◆ **Data provided**
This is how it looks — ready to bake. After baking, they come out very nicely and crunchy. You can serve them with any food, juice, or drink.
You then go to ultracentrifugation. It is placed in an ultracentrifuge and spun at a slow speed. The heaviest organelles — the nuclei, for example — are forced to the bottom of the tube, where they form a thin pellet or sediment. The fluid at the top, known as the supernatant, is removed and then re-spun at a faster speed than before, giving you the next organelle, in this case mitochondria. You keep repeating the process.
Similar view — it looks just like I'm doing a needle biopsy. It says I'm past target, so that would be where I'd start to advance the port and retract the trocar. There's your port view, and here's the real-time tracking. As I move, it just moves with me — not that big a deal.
--
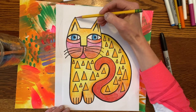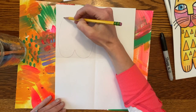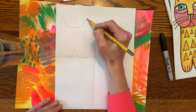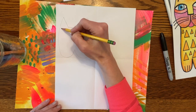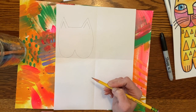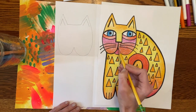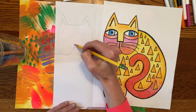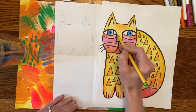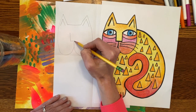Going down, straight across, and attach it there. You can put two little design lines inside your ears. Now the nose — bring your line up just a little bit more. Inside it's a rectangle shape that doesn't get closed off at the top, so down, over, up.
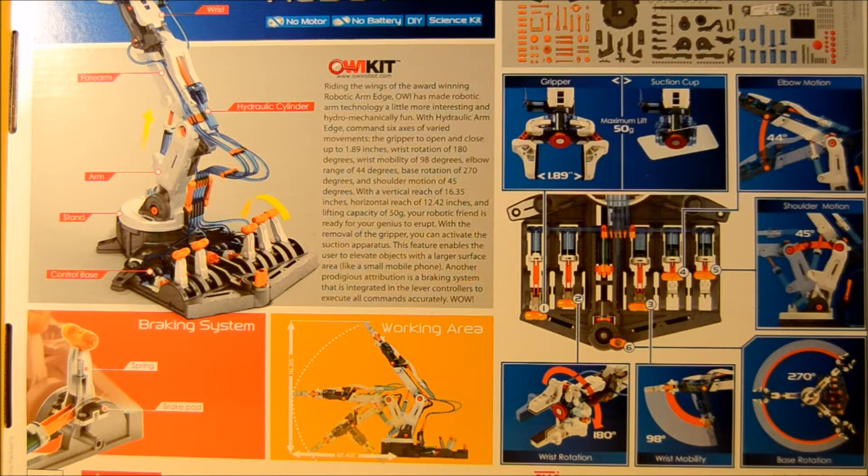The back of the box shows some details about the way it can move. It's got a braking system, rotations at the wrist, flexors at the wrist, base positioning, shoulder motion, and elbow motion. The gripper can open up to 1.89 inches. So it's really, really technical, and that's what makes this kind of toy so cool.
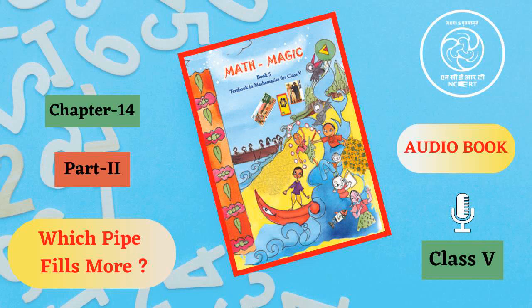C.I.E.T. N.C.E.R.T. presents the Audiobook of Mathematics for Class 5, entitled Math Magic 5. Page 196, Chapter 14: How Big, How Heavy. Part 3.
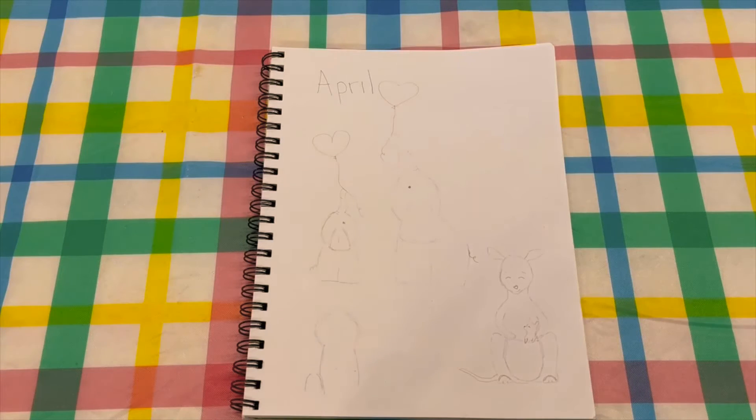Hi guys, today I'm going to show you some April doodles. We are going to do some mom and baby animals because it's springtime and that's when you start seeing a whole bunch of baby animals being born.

◆ **Problem**
Could you transcribe the entries above word for word, from the line with "This is how" down to the line with "Similar view —", keeping both?

◆ **Your response**
This is how it looks — ready to bake. After baking, they come out very nicely and crunchy. You can serve them with any food, juice, or drink.
You then go to ultracentrifugation. It is placed in an ultracentrifuge and spun at a slow speed. The heaviest organelles — the nuclei, for example — are forced to the bottom of the tube, where they form a thin pellet or sediment. The fluid at the top, known as the supernatant, is removed and then re-spun at a faster speed than before, giving you the next organelle, in this case mitochondria. You keep repeating the process.
Similar view — it looks just like I'm doing a needle biopsy. It says I'm past target, so that would be where I'd start to advance the port and retract the trocar. There's your port view, and here's the real-time tracking. As I move, it just moves with me — not that big a deal.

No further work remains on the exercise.